LONDON (Reuters) - The formation of Italy’s anti-establishment government and its intensifying row with European Union authorities have lifted correlations between the country’s bonds and the euro to the highest since 2013.
That could be read as a sign of stress, namely worries that Italy’s woes would threaten the single currency. But lack of contagion in other euro bond markets suggests otherwise, and some reckon it may reflect expectations of European Central Bank policy action should the dispute over Italy’s budget escalate.
Italian borrowing costs have surged to the highest since early 2014, while the gap between 10-year German and Italian government bonds - known as the Bund/BTP spread and a key measure of Italian risk — is also at its highest in more than five years.
But unlike the 2010-2012 Greek crisis, there has been little spillover into other euro zone bond markets. Instead, it is the euro that is feeling the blowback, approaching 15-month lows.

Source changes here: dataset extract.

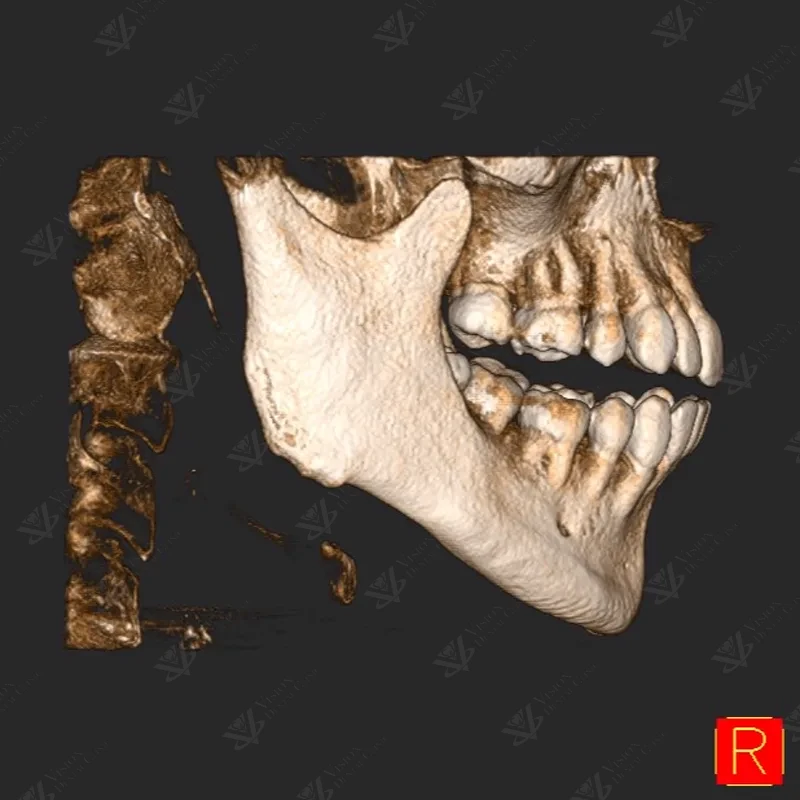 CBCT 3D scan for wisdom tooth extraction surgical planning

It has lost 6.6 percent versus the dollar since Italy’s early-March election that returned two parties once keen on a return to the lira.

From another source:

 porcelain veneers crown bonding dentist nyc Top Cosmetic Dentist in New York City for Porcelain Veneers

Some of that is probably down to the dollar’s rally, fuelled by a strengthening U.S. economy. But there is also evidence that the inverse correlation between the euro/dollar rate and the BTP/Bund spread has strengthened considerably this year, meaning the euro weakened each time the spread widened, as the following chart shows:
The inverse correlation, based on a 130-day period, rose to 87 percent at the end of August. In January, correlation was near zero, Reuters analysis shows. Currently it stands at 84 percent.

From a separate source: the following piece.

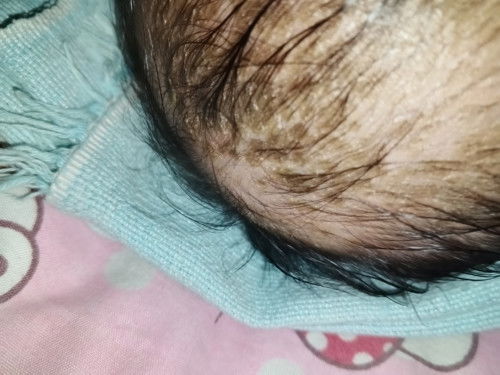 My 2 months old baby nagkaroon Po sya ng bukol sa ulo maliit Po normal Po kaya yun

Correlations were previously this negative in late-2012/ early-2013, just after ECB President Mario Draghi pledged to do “whatever it takes” to save the single currency.
The inverse correlation clearly reflects concern that populist politicians will pursue fiscally unsustainable policies that euro zone authorities can do little to stop.
But markets also clearly retain faith in Draghi’s promise, with bets growing he will act if the Italian situation worsens. That in itself makes the current bubbling crisis different from 2012 in that the bloc’s existence is not seen at risk.
“There is a view which is not really consensus yet, but there is momentum towards the view that the ECB will probably adopt a more dovish exit than what has been priced, as a result of Italy and also because of expansion not being that strong,” said Shweta Singh, senior economist at TS Lombard.
So each time the Italian situation appears to worsen and spreads widen, bets grow on ECB action, possibly by delaying rate rises, currently expected next September.
On Friday, after the EU called the Italian draft budget an “unprecedented” breach of fiscal rules, the euro dipped to as low as $1.1433 and the BTP/Bund spread widened to a fresh 5 1/2-year high.
Money markets, meanwhile, cut their bets on a September 2019 rate rise by the ECB. Bets have instead been pushed back to next October.